**DATASET ENTRIES**
======

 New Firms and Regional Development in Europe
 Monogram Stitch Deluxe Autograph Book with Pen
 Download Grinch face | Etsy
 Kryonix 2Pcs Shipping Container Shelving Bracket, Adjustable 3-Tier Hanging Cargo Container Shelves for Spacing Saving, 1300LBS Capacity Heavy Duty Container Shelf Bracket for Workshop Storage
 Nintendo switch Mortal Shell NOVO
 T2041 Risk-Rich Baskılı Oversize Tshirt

======

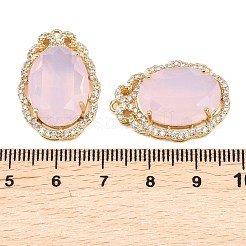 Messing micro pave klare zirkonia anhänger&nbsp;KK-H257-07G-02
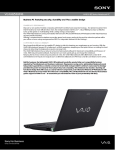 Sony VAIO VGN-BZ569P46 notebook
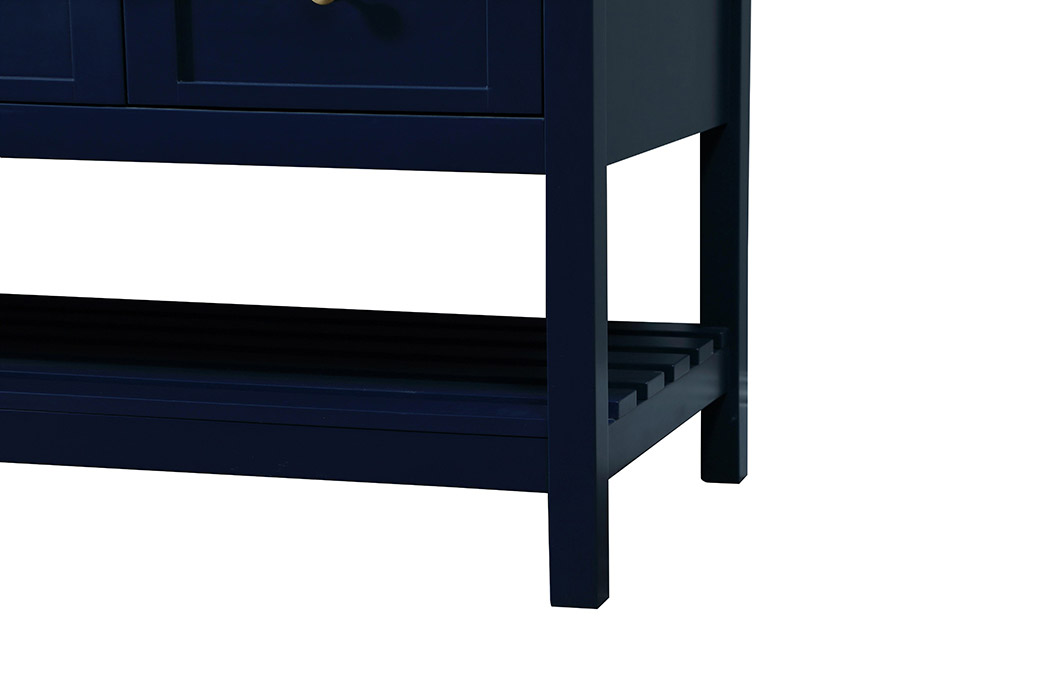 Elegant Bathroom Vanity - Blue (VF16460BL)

======

**WORK TASK**
Would you copy out exactly the lines above that start at the one containing "Nintendo switch Mortal Shell NOVO" and end at the one containing "T2041 Risk-Rich Baskılı Oversize Tshirt", inclusive?

**YOUR RESPONSE**
 Nintendo switch Mortal Shell NOVO
 T2041 Risk-Rich Baskılı Oversize Tshirt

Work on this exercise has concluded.